ASSIGNED TASK: Only the lines below from the one that contains "Compacte Afvalbak met" through the one that contains "MOMOJA Women Luxury" should appear in your answer, exact and without pictures.

RECORDS FOR THE TASK:
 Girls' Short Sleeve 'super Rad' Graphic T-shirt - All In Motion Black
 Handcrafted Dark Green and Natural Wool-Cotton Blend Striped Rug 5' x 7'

* * *

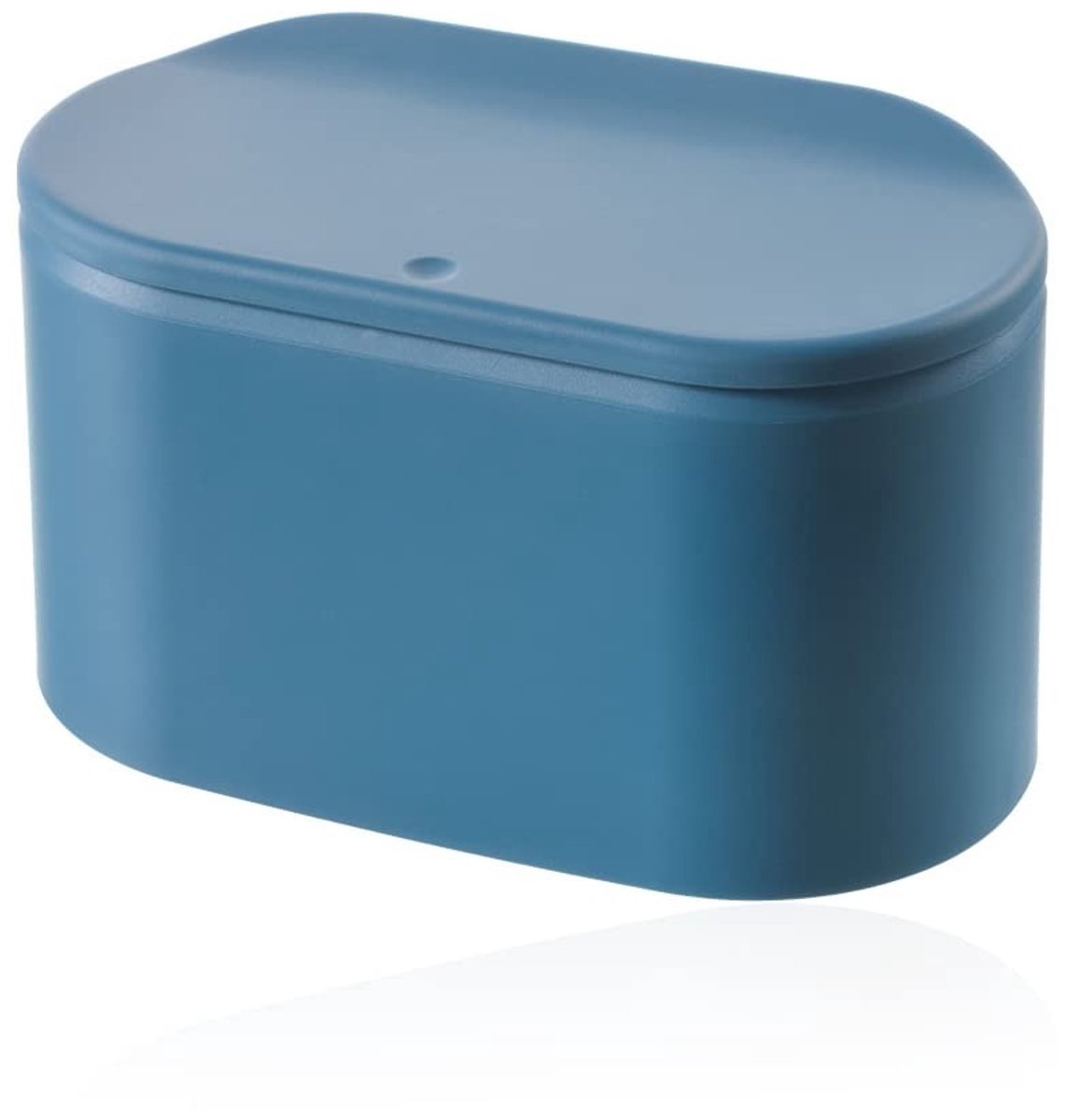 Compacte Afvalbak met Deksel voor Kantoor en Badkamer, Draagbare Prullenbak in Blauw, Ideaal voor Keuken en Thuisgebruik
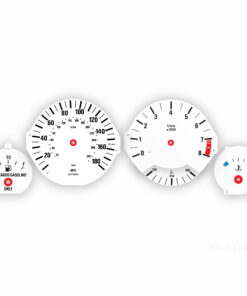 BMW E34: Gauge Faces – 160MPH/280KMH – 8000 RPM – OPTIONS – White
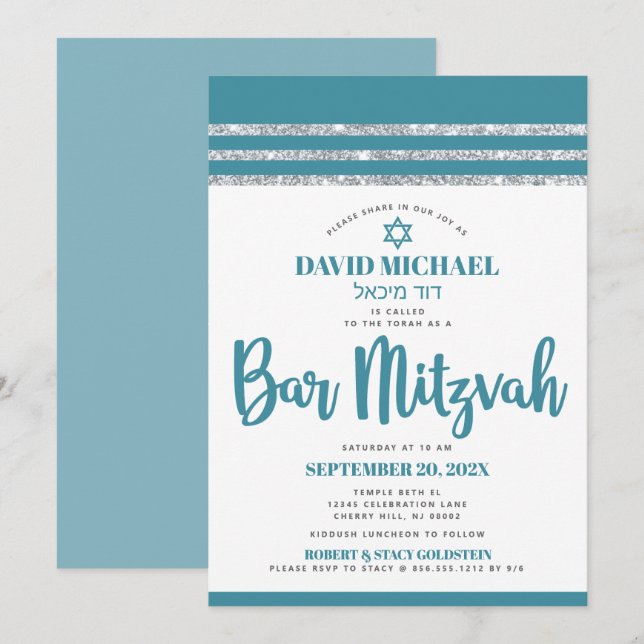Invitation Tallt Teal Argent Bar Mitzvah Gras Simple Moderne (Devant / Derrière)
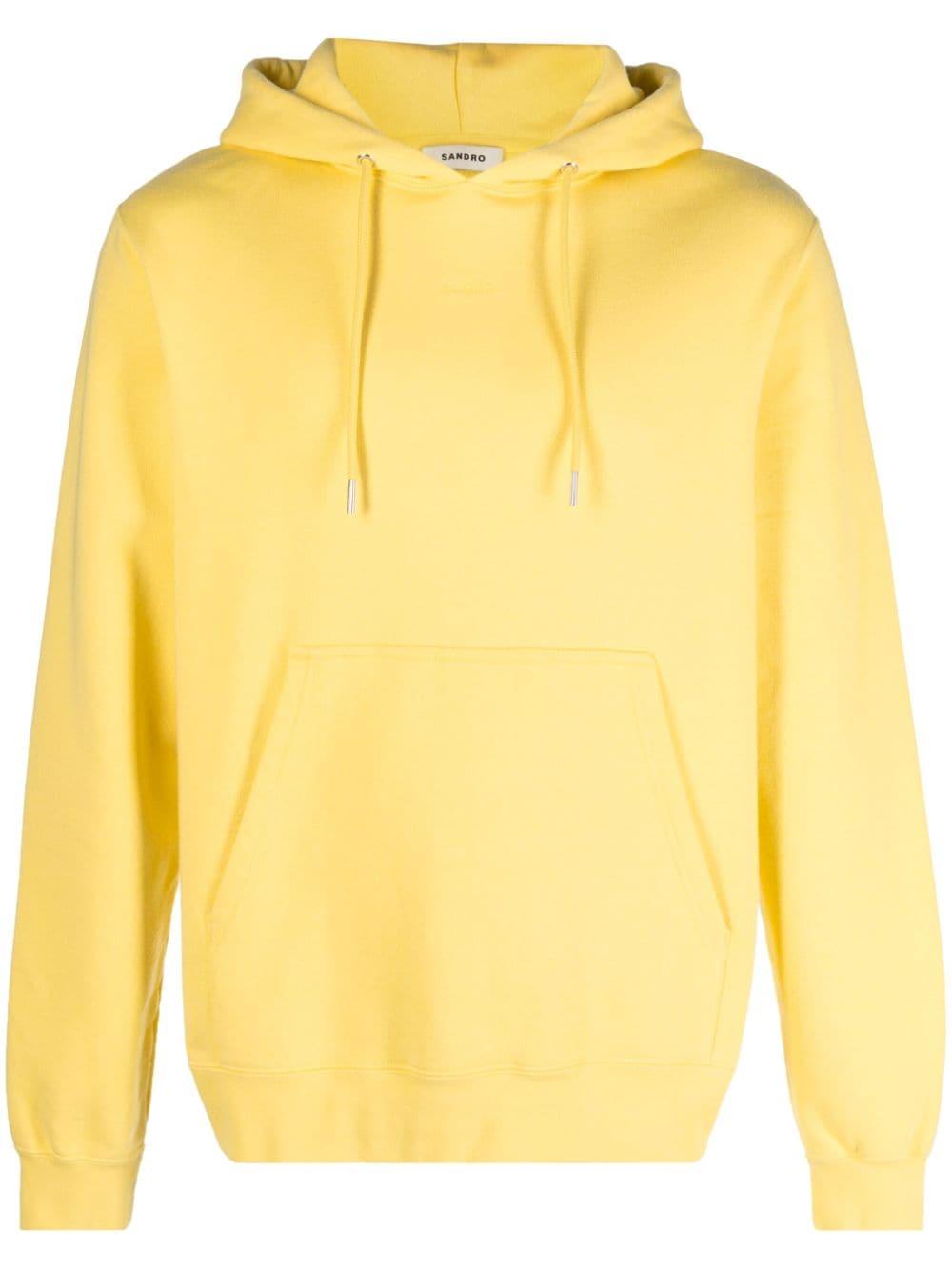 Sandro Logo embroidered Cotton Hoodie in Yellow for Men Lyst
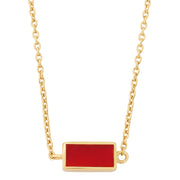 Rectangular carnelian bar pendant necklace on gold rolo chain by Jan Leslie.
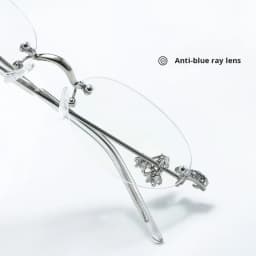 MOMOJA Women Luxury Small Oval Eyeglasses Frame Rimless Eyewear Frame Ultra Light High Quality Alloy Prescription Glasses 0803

ANSWER TO THIS PROBLEM:
 Compacte Afvalbak met Deksel voor Kantoor en Badkamer, Draagbare Prullenbak in Blauw, Ideaal voor Keuken en Thuisgebruik
 BMW E34: Gauge Faces – 160MPH/280KMH – 8000 RPM – OPTIONS – White
Invitation Tallt Teal Argent Bar Mitzvah Gras Simple Moderne (Devant / Derrière)
 Sandro Logo embroidered Cotton Hoodie in Yellow for Men Lyst
 Rectangular carnelian bar pendant necklace on gold rolo chain by Jan Leslie.
 MOMOJA Women Luxury Small Oval Eyeglasses Frame Rimless Eyewear Frame Ultra Light High Quality Alloy Prescription Glasses 0803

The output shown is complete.